Starting a new chapter and making a difference

Liz grew up in St. Louis, Missouri and came to South Carolina to attend the University of South Carolina. A few years later, Liz found herself working full-time for the Charleston Regional Business Journal.

“I find myself using the phrase ‘I’m busy’ quite often. It is not an exaggeration and I am not alone in using it. It seems to be the American mantra,” she says. “So, when I moved to Charleston I started evaluating what made me so ‘busy’ and realized that not one of my activities was working toward making my community a better place.”

In her search for a local nonprofit to volunteer with, Liz stumbled across Reading Partners. She connected with Reading Partners’ mission and vision on a personal level.

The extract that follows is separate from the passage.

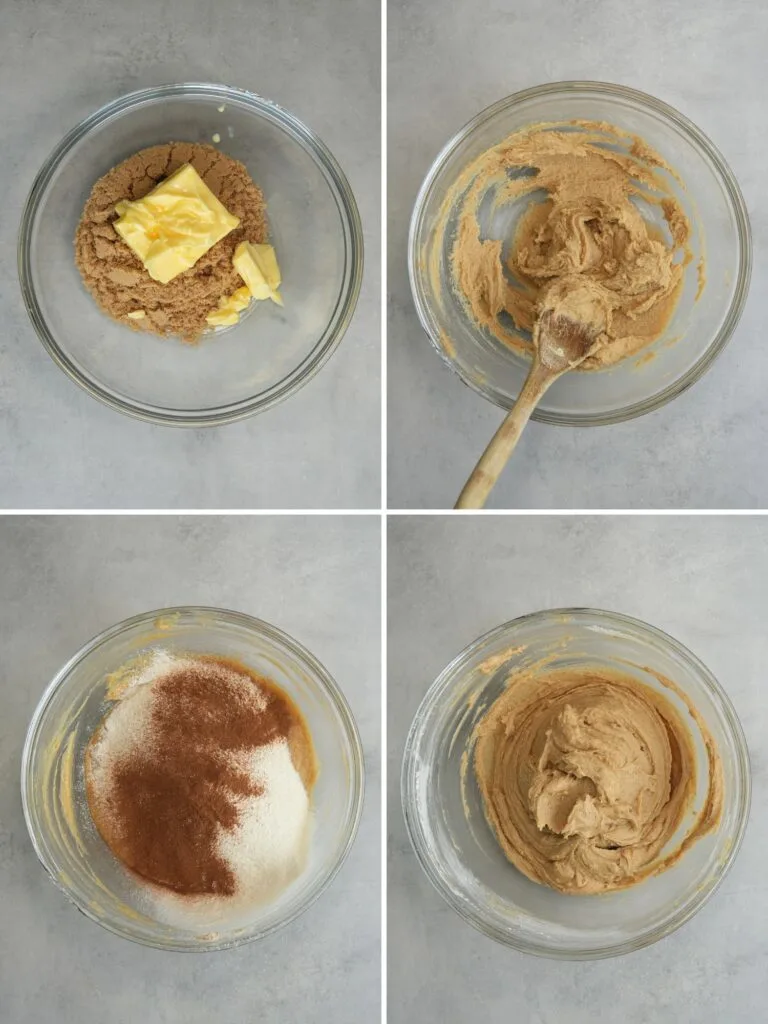 image with a grid of four photos showing how to mix sugar butter flour and cinnamon together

“I was blessed to grow-up with my parents reading to me every night. I was the kid who crammed books in my backpack until it was splitting at the seams. I filled notebooks and wrote stories and read everything I could get my hands on,” she remembered. “I saw books as a chance to experience completely different worlds and lives. I wanted to share this joy for words and reading and writing with kids in Charleston.”

Getting Started

Liz was nervous and excited to meet her student Shaiiava when she first entered the reading center at Sanders-Clyde. Liz was nervous because she did not come in with a teaching background, “but my student’s nervousness and eagerness equaled my own,” Liz remembers.

From that day on Shaiiava and Liz continued to work together for one hour each week. LIz admits “[t]here were difficult times, like when my student had trouble grasping a new concept or when she was so tired she could barely keep her eyes open. We worked through them.”

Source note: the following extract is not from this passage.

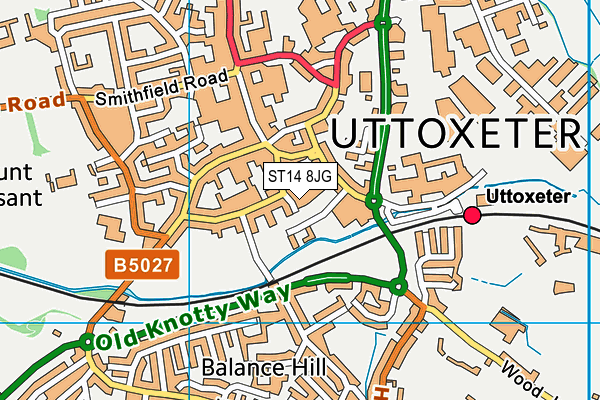 ST14 8JG map - OS VectorMap District (Ordnance Survey) ST14 8JG map - OS VectorMap District (Ordnance Survey)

Liz and Shaiiava’s bond grew throughout the semester and, slowly, both Liz and her student started to see amazing results. “I felt proud when Shaiiava completed several book reports and became motivated to read more on her own time,” says Liz. “I was excited when she grasped a new concept on her own. I was overjoyed to learn that at the halfway point in the year, her reading level had improved by more than an entire grade level.”

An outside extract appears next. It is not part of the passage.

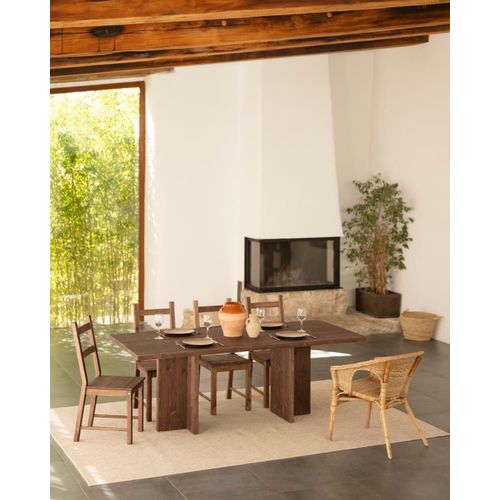 Table À Manger En Bois De Sapin Marron Foncé 180x75cm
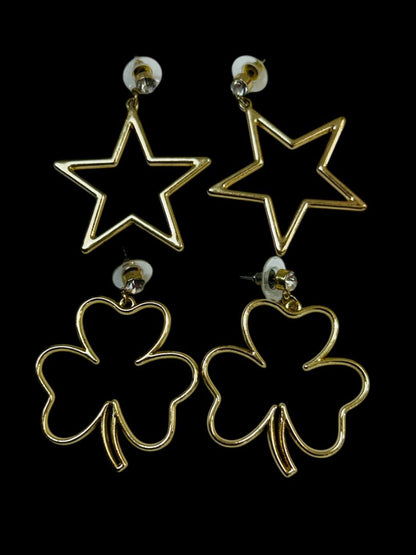 2 Pair Goldtone Pierced Earrings Shamrock Star 1.5-1.75" Drop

In fact, Shaiiava had both accelerated her rate of learning and narrowed her achievement gap by mid year.

The Power of Time

Philanthropy, in the form of time, is powerful. Liz’s busy schedule becomes more meaningful when she builds in time to empower a child to read.

My favorite moments are not measured by tests, book reports or worksheets. It is when she reads out loud using lots of expression. It is when I have her rapt attention because a story is better than anything else going on in the classroom. It is when she cannot stop talking about how good a book was.

“That is when I feel like I’m making a difference. Kids like to have fun, and when reading becomes a part of that, it sticks. A love for reading is powerful – and the opportunities that lends are limitless.”